The direct conversion of CO₂ to light olefins has gained significant attention in C1 chemistry. Compared to the modified Fischer–Tropsch synthesis route (CO₂-FTO), the oxide–zeolite (OXZEO) composite catalytic system—which integrates methanol synthesis with methanol-to-olefin (MTO) reaction—has demonstrated superior light olefin selectivity. Nevertheless, conventional OXZEO systems employing silicoaluminophosphate (SAPO) zeolites face serious limitations due to their inherent weak acidity, requiring relatively low space velocities for effective MTO catalysis and resulting in suboptimal light olefin space-time-yield (STY).

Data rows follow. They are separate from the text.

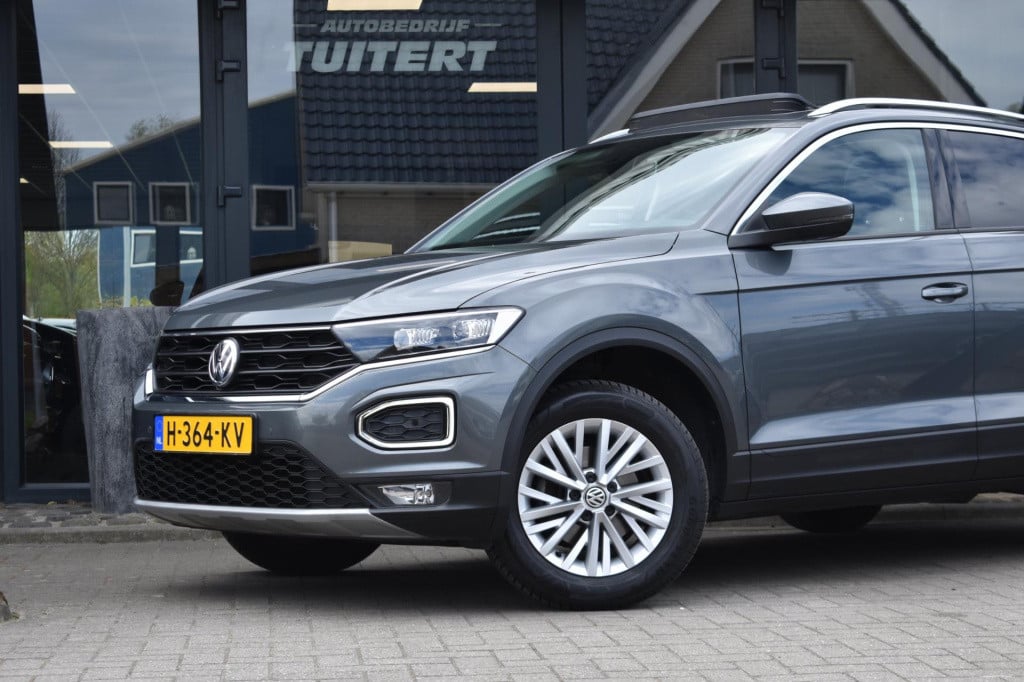Volkswagen T-roc 1.0 tsi | panoramadak | camera | dealer onderhouden | nap 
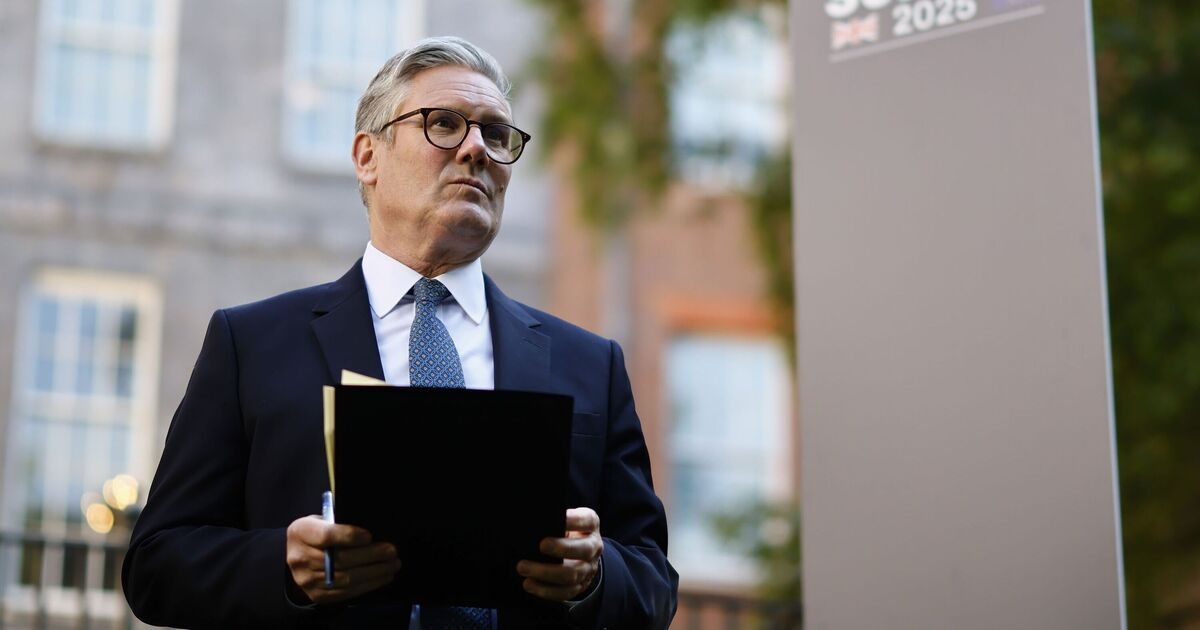 Indignación ante el aumento de las facturas energéticas para los británicos tras la rendición de Keir Starmer ante la UE en el Brexit
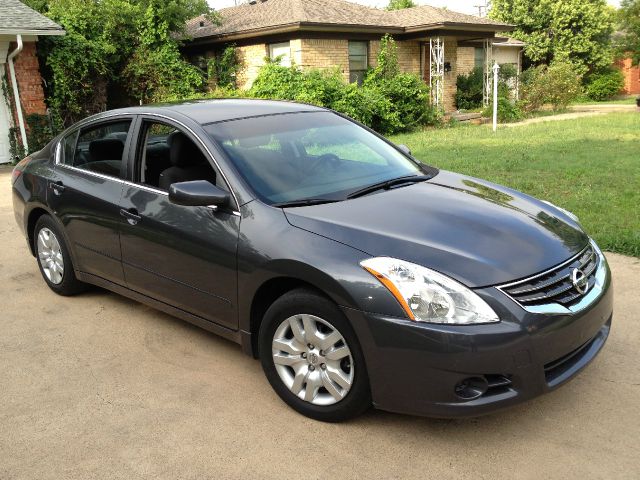 Nissan Altima 2010 photo 11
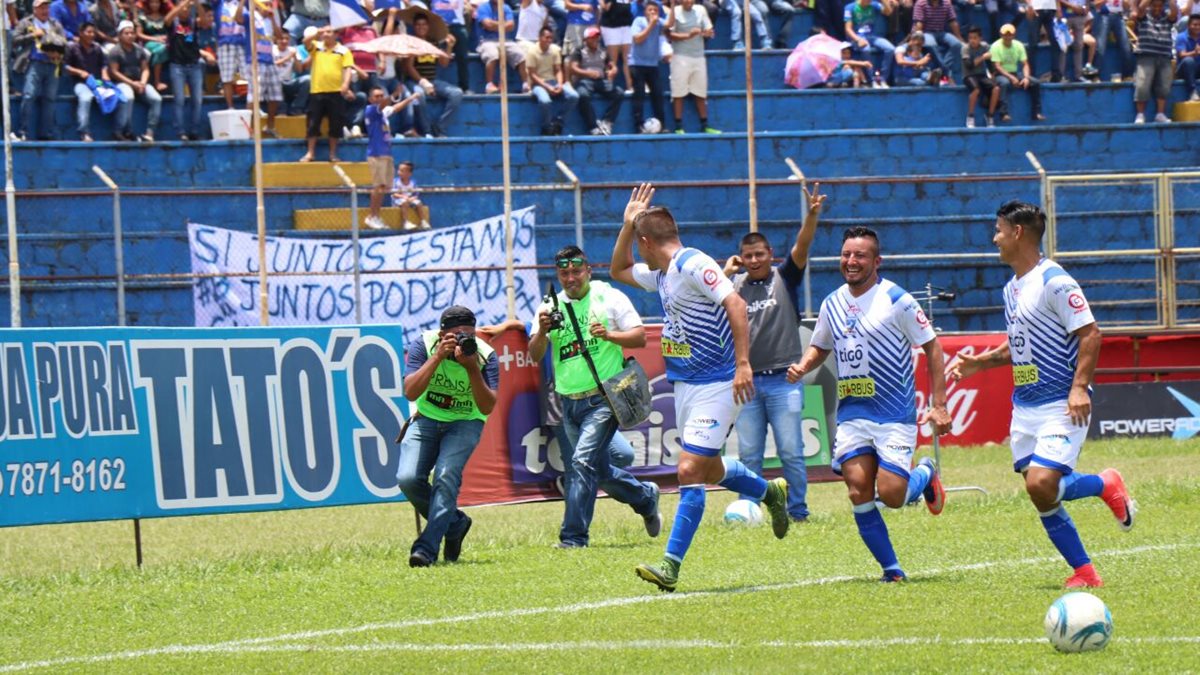 Daniel Guzmán celebra como Carlos Ruiz uno de sus goles contra Xelajú MC. (Foto Prensa Libre: Cristian Soto)
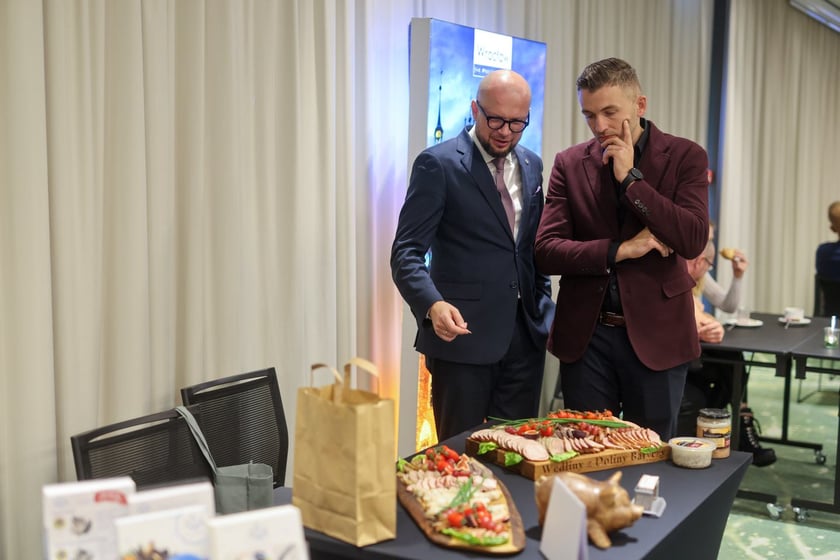 Na zdjęciach IV edycja programu &bdquo;Od pola na wrocławski st&oacute;ł&rdquo; we wrocławskim Novotelu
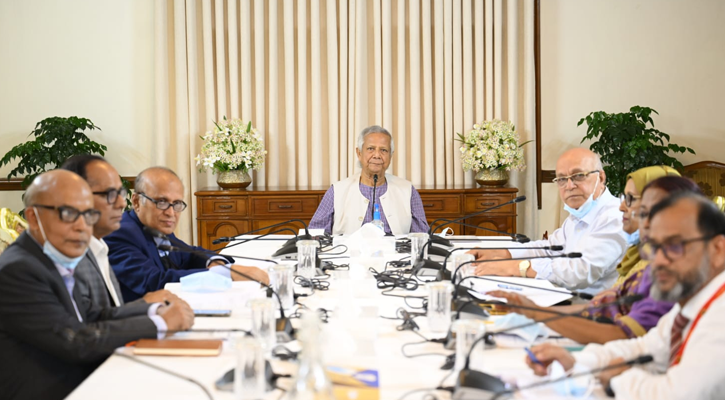 মুক্তিযুদ্ধের প্রকৃত ইতিহাস তুলে ধরতে জোর প্রধান উপদেষ্টার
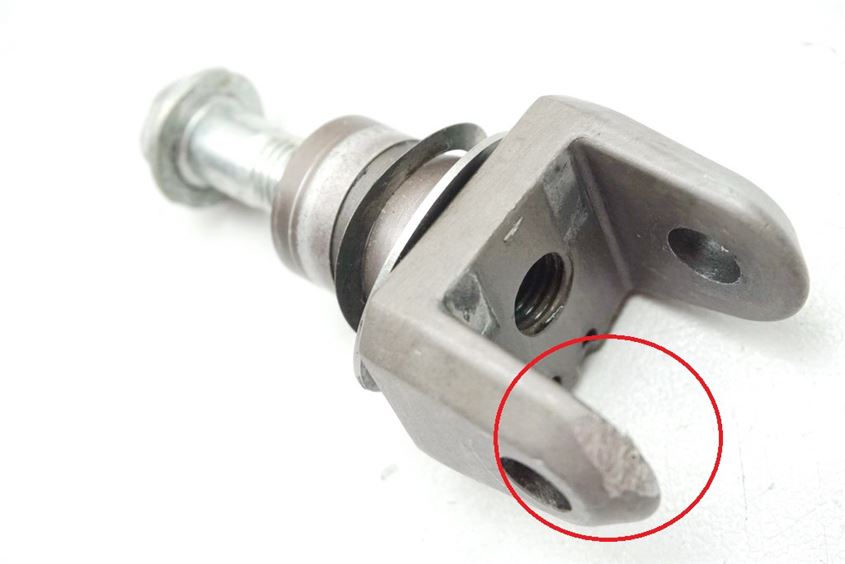 HONDA CBR 900 SC50 SOPORTE ESTRIBERA CONDUCTOR IZQUIERDA ARTICULACIÓN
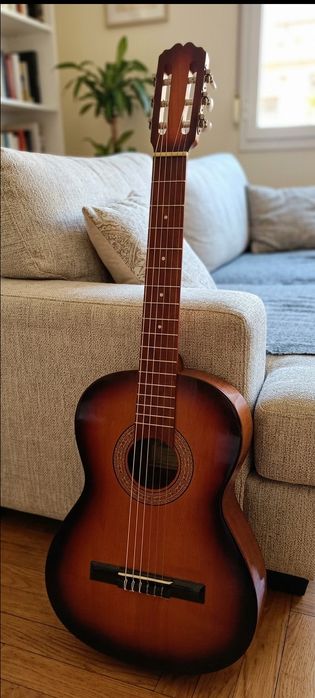 Guitarra clássica antiga em madeira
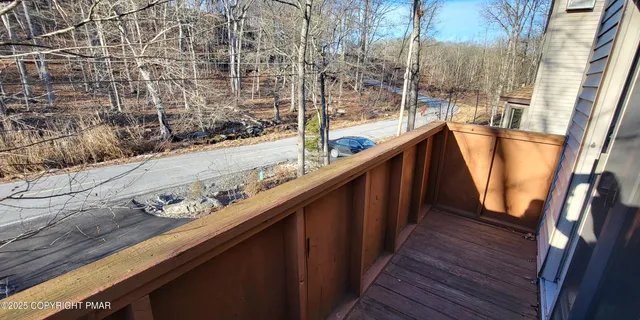 $453,000 | 228 Edinburgh Road, Bushkill, PA 18324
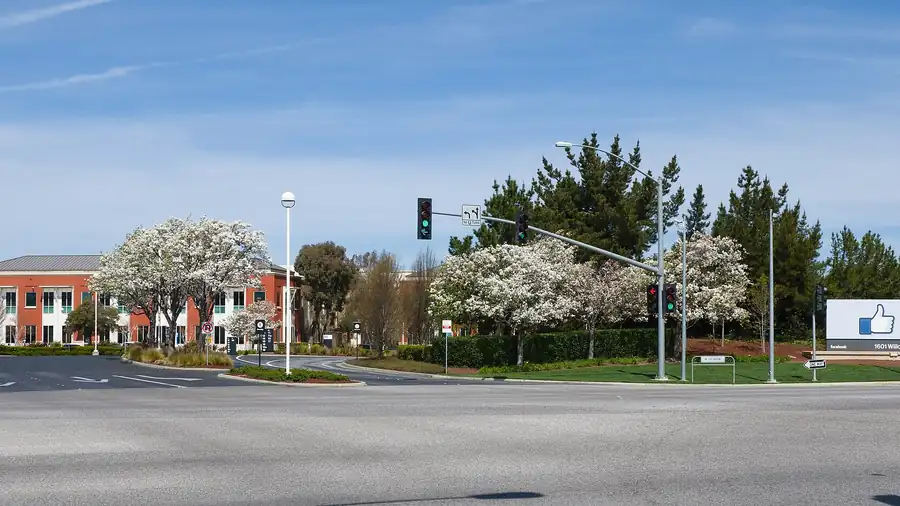 Meta Plans $35bn Stock Offering to Fund AI Growth Meta headquarters campus in Menlo Park - Meta 35 billion AI stock offering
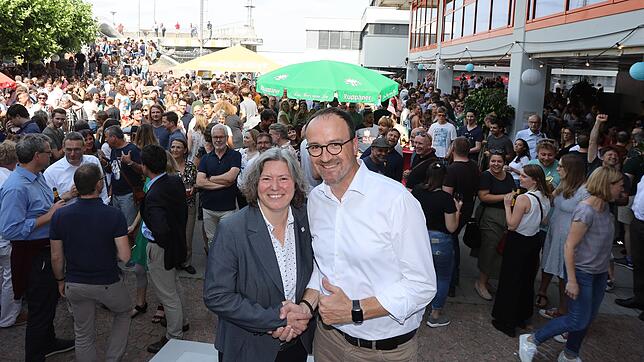 Die Rektorin der Universität Konstanz, Kerstin Krieglstein, und Oberbürgermeister Uli Burchardt freuen sich über den Erfolg der ...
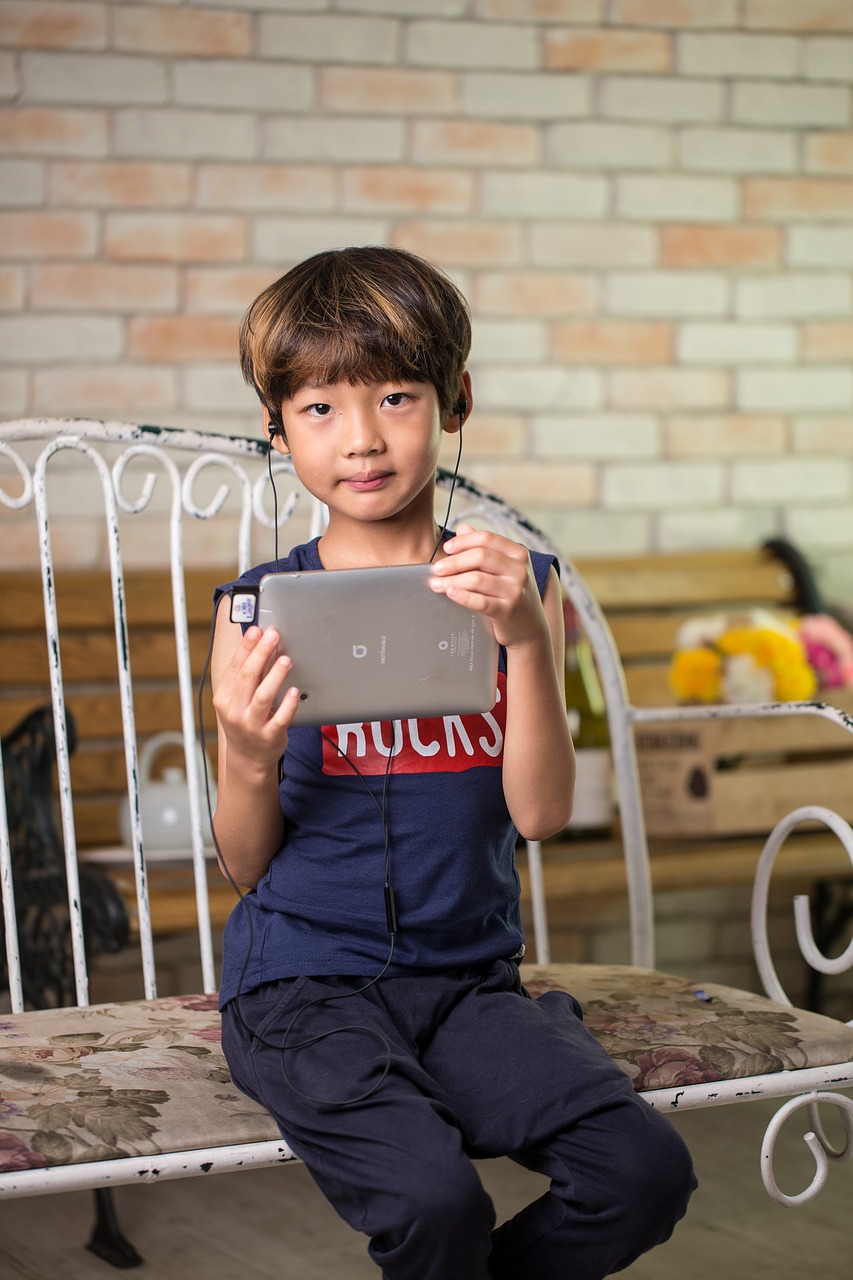 korean child device free photo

We developed a bifunctional ZnZrO_x/H-SSZ-13 system where CO₂ hydrogenates to methanol on ZnZrO_x, then rapidly converts to olefins on the strongly acidic zeolite. Crucially, the strong acidity of the SSZ-13 zeolite enables effective methanol conversion even at elevated space velocities. This system achieved 7.50 mmol g_cat⁻¹ h⁻¹ light olefin STY under a low reaction pressure of 1 MPa and a high gas-hourly-space-velocity (GHSV) of 21 000 mL g_cat⁻¹ h⁻¹, with 82.6% light olefin selectivity. This work highlights the critical synergy between tailored acid strength of the zeolite component and reaction conditions in advancing CO₂-to-olefin catalysis.